Think about it. Just a few years ago, the idea of telecommuting was more a dream than a reality, partly because it was hard to do. For the telecommuter, working from home meant buying or borrowing a desktop or laptop, then fighting your way into the corporate database through VPN connections that were slow and frustrating. For the business, telecommuters meant more work for the IT Help Desk, and more spending on network switches and other gear.
Today that model has been flipped on its head, thanks much to Internet-friendly laptops and other mobile devices, but also to Internet-friendly cloud ERP (opens in new tab) software. In fact, for years conventional ERP locked people and organizations in to conventional thinking and planning because of the high costs of change. By contrast, cloud ERP gives us the freedom to move, whether it’s user telecommuting or organizational decentralization and, at a higher level, the freedom to find innovative solutions. Here are two examples:
Telecommuting ROI
Telecommuting used to be difficult for a business to cost-justify because of the increased expense in IT resources, as well as the potential losses in worker productivity. Today, thanks to Internet-enabled devices and cloud ERP architectures, it doesn’t take a week, a day, or a high-priced CPA to figure out the ROI for telecommuting users.
The Louisiana Advocacy Center, a NetSuite customer, is a vivid example of how telecommuting can benefit an organization.
The center originally brought in NetSuite following Hurricane Katrina, because it didn’t want to risk losing conventional network connections in the event of another large-scale emergency. What they didn’t foresee, however, was having to deal with a six-month renovation of the center’s New Orleans headquarters. With a conventional ERP setup, they would have had to rent temporary office space, costing a minimum of $60,000. Instead, the Advocacy Center instead set up a telecommuting operation, with staffers working out of their homes or other branch offices.
Decentralizing Business
Want to take user mobility a step further, to include remote branch offices? Fine. Same rules apply. Setting up a new branch office used to be a major hassle and a major expense, and the more remote in terms of geography, the more challenging. Again, the business has to determine if the time and expense—for setting up servers, extending networks, and finding, hiring and training staff—are justifiable based on the potential increase in business. Today, thanks to Internet-friendly devices and cloud ERP, it’s much simpler to achieve a positive ROI.
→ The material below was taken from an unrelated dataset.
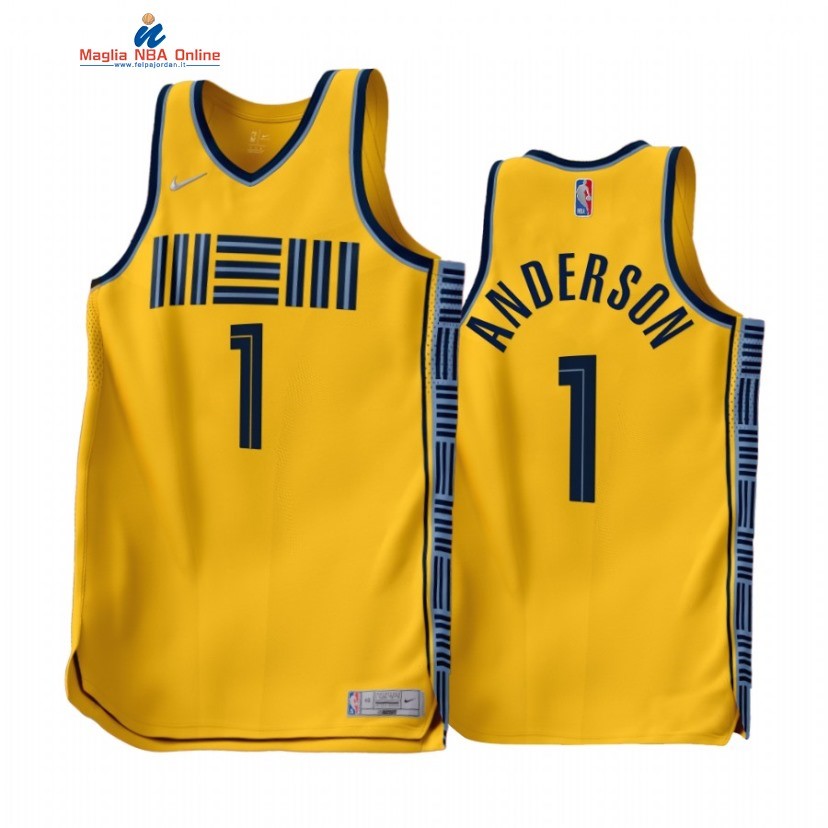 Maglia NBA Earned Edition Memphis Grizzlies #1 Kyle Anderson Oro 2022-23 Acquista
And because cloud ERP isn’t limited by geography, it can mean more than just saving time and money—it can help a company develop a global footprint that would have been impossible with conventional ERP.
An example is Sundia Corporation (opens in new tab), a multimillion-dollar fresh produce brand based in Oakland, California. With customer support in the Philippines, accounting in India and the executive team in California, Sundia needed to get operations up quickly while maintaining an efficient ongoing cost structure. It went to cloud ERP so its personnel around the globe can access, manage and even innovate with the ERP system in real time.
Brad Oberwager, Founder, Chairman and CEO, observes that Sundia’s organizational structure would have been untenable with conventional, centralized ERP. “We simply wouldn’t be in business with the old way,” he says.